* WHAT TO WORK ON *
Your reply should restate the lines from the top of the entries through the line containing "제1회 경북도 의정봉사대상 수상" word for word, with no pictures.

* SUPPLIED RECORDS *
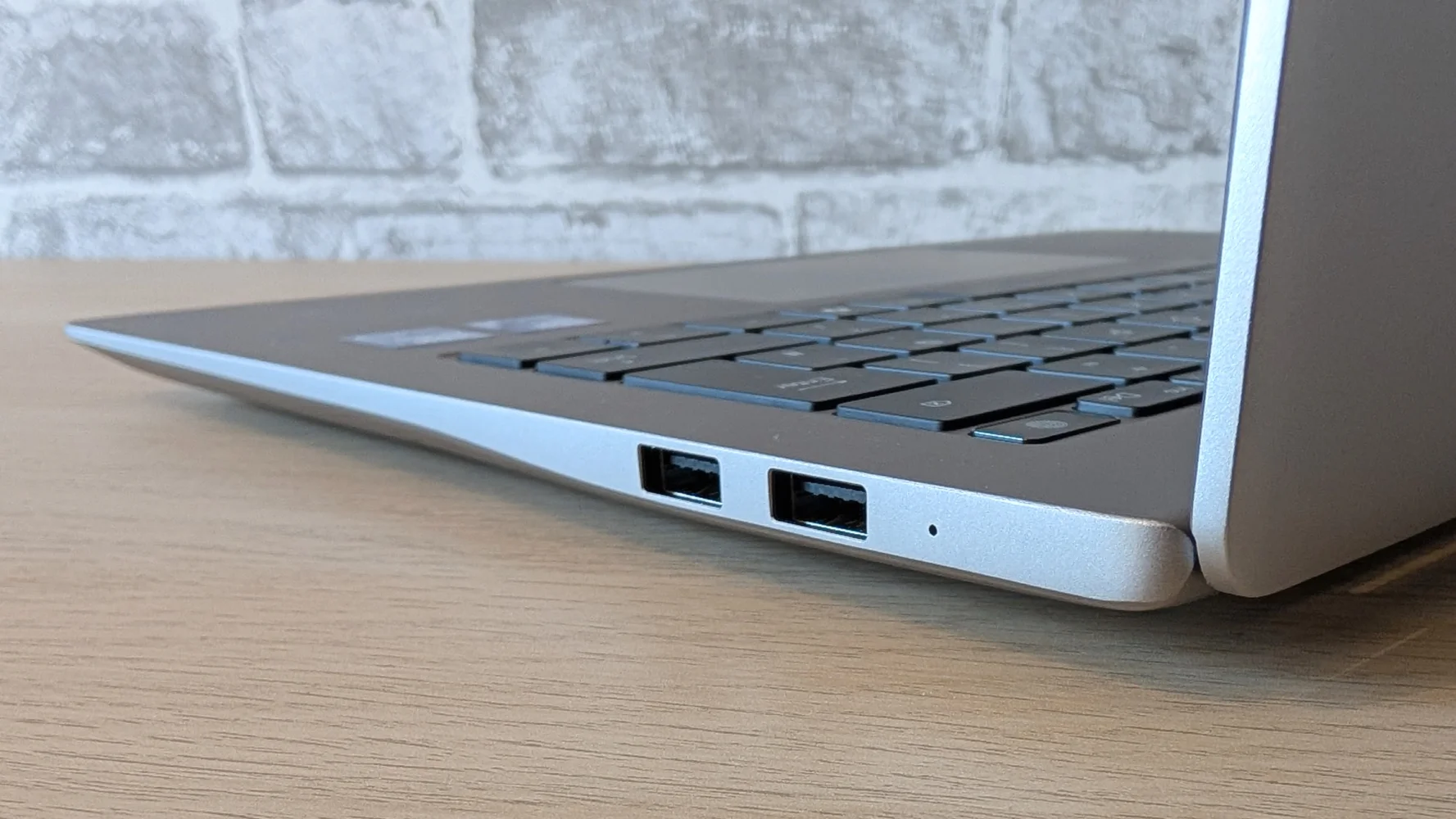 Đánh giá Honor MagicBook Pro 14 – Chiếc laptop lý tưởng cho người dùng cần hiệu năng mạnh và thiết kế cao cấp 22 Honor MagicBook Pro 147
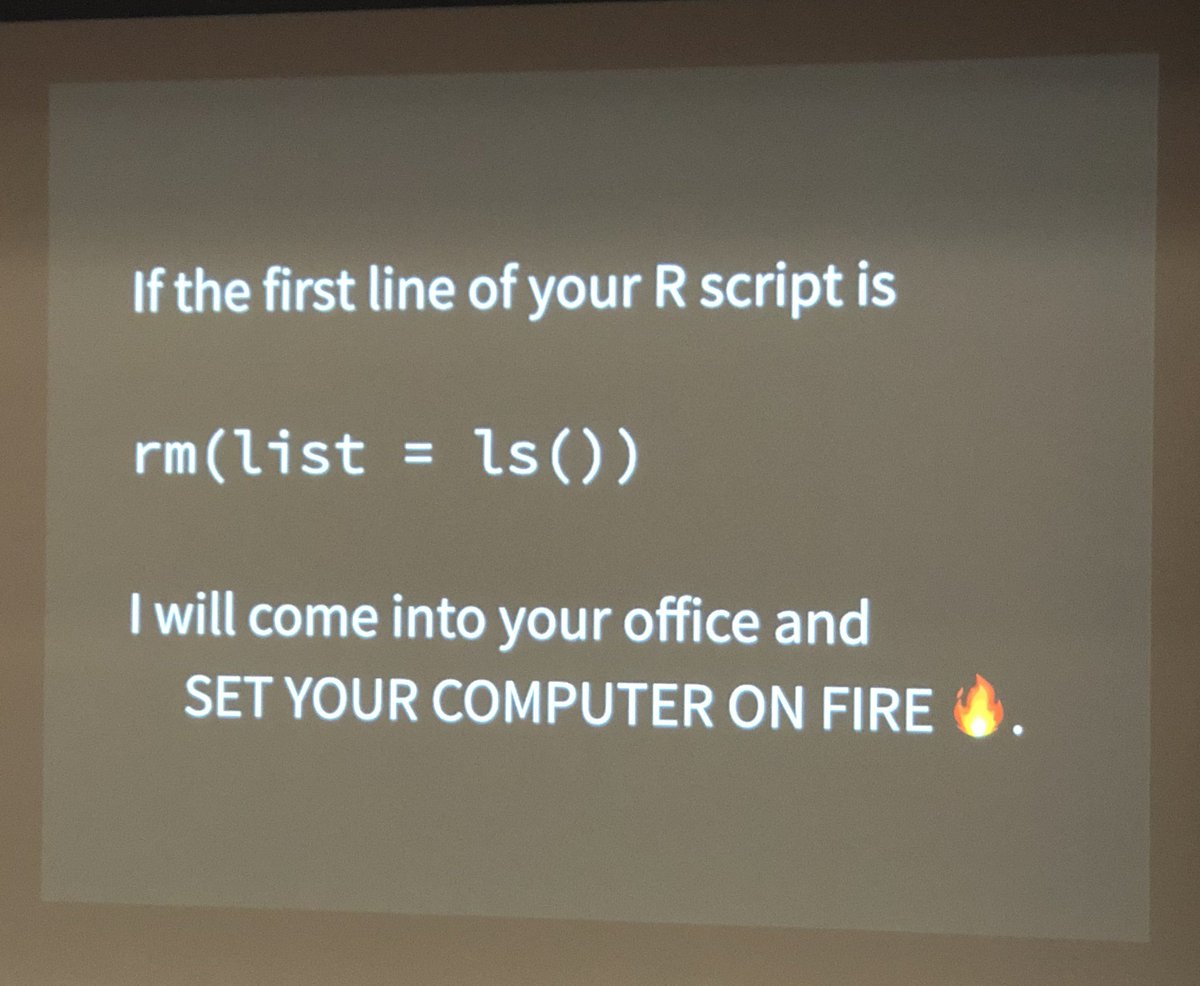 Slide showing the bad practice of cleaning the environment in R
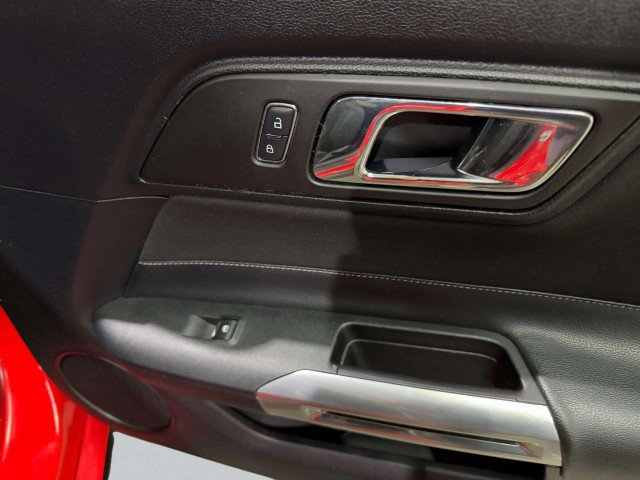 Used 2015 Ford Mustang Convertible w/ Equipment Group 051A image 41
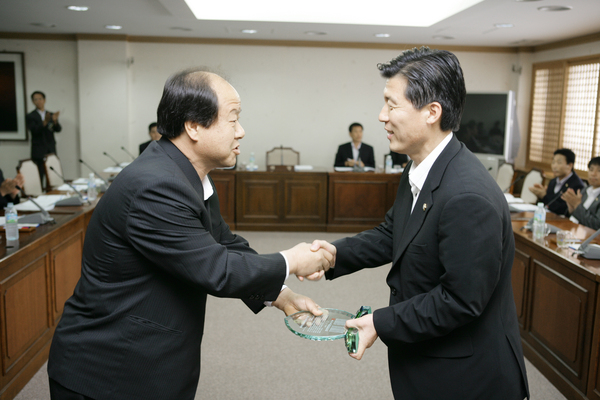 제1회 경북도 의정봉사대상 수상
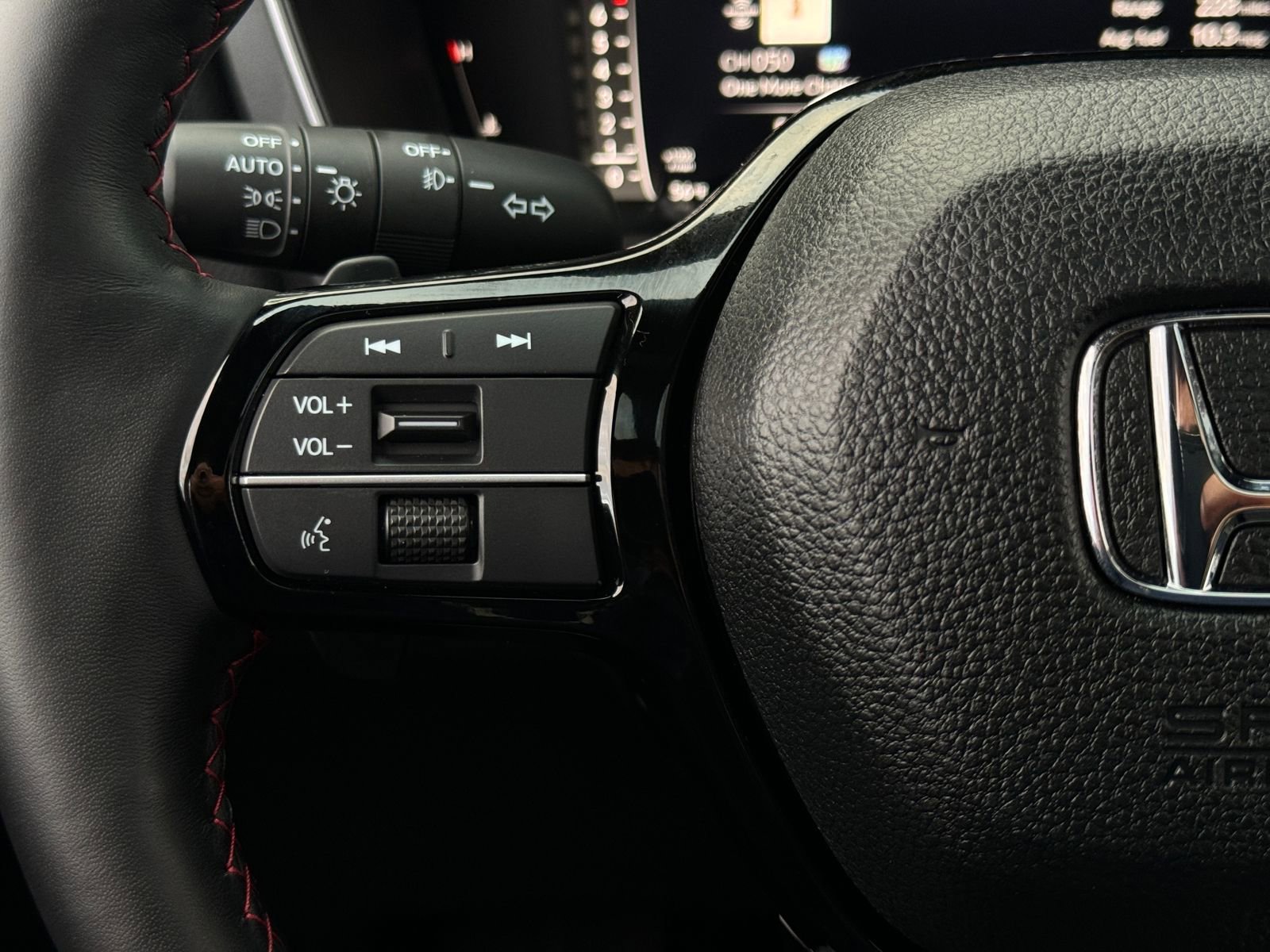 Certified 2025 Honda Pilot Black Edition image 36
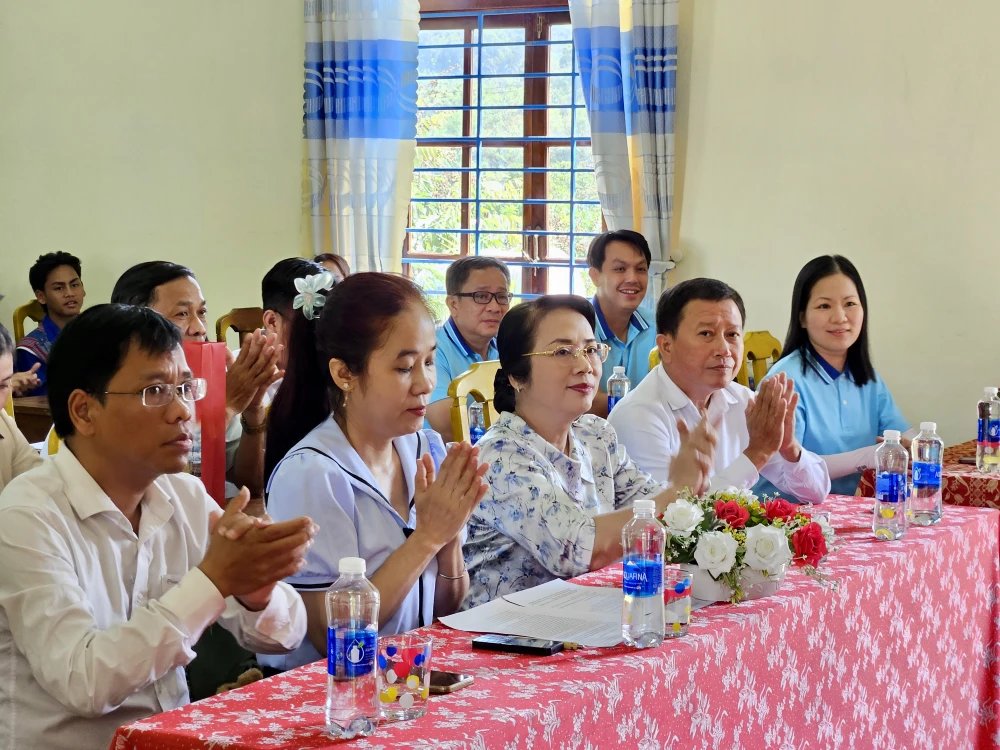 Đồng chí Trần Kim Yến cùng đại biểu dự lễ trao tặng quà 20250509_094336.jpeg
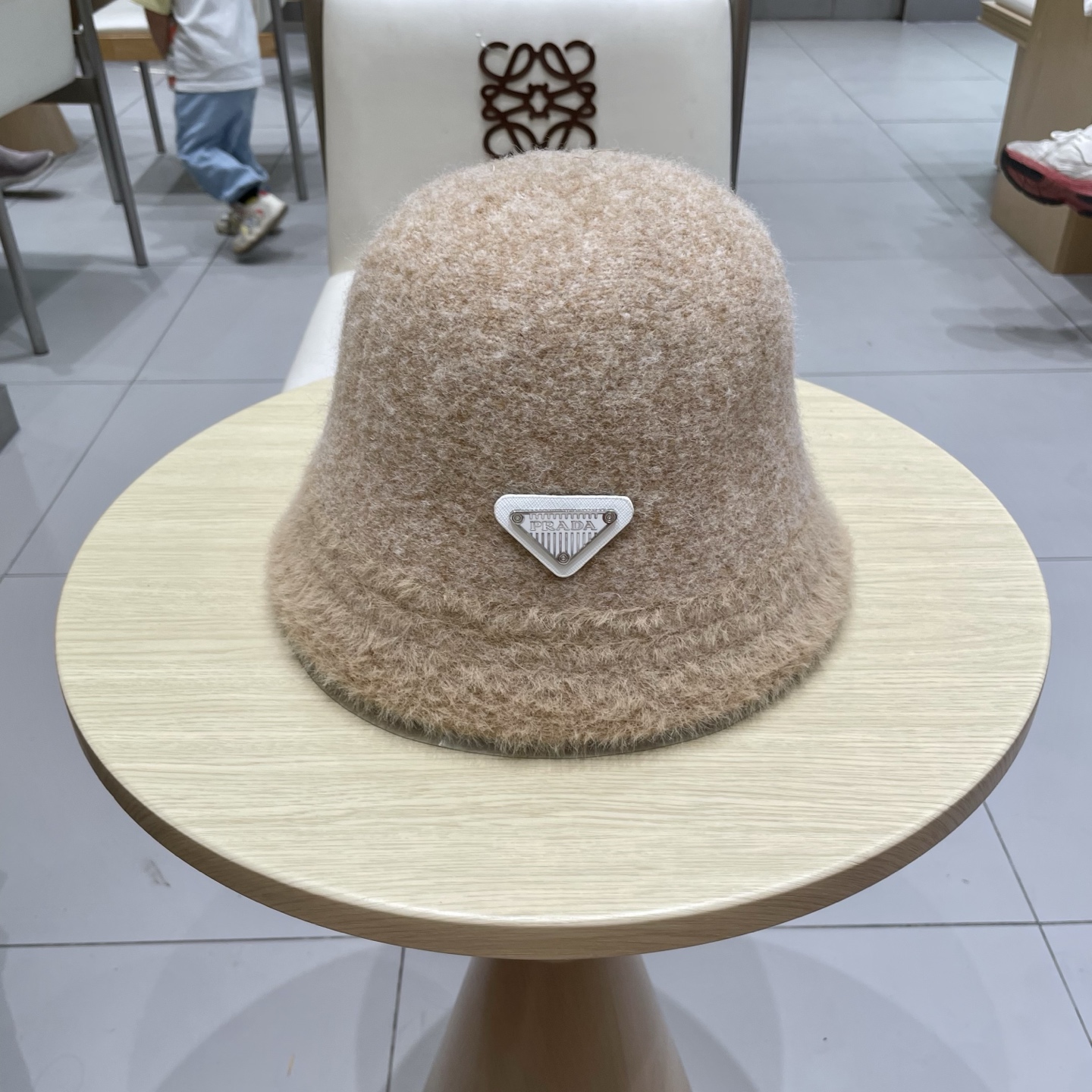 Prada普拉达女秋冬韩版针织渔夫帽素颜遮脸水桶帽韩版百搭显脸小毛绒盆帽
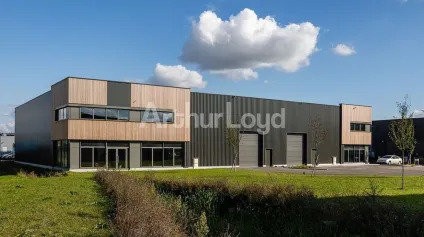 Locaux d&rsquo;activit&eacute;s neufs &agrave; vendre ou &agrave; louer &agrave; La Chapelle d&rsquo;Armenti&egrave;res avec entrep&ocirc;ts - Offre immobilière - Arthur Loyd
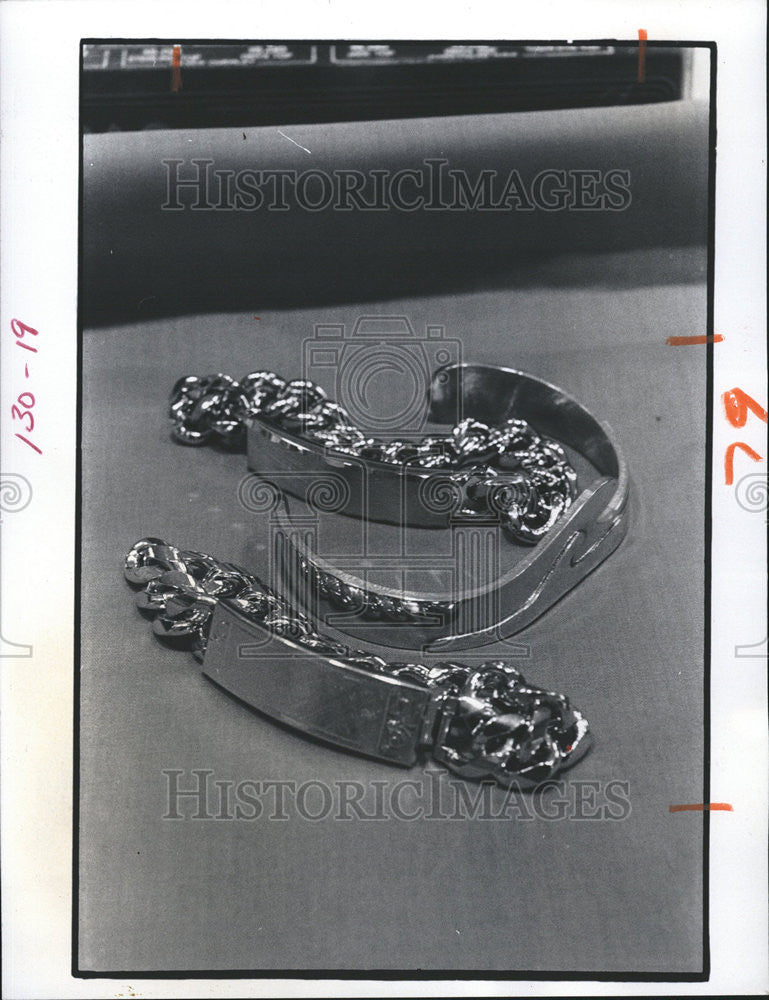 1976 Press Photo Men Jewelry Identification Bracelets - Historic Images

* SOLVED PROBLEM *
 Đánh giá Honor MagicBook Pro 14 – Chiếc laptop lý tưởng cho người dùng cần hiệu năng mạnh và thiết kế cao cấp 22 Honor MagicBook Pro 147
 Slide showing the bad practice of cleaning the environment in R
 Used 2015 Ford Mustang Convertible w/ Equipment Group 051A image 41
 제1회 경북도 의정봉사대상 수상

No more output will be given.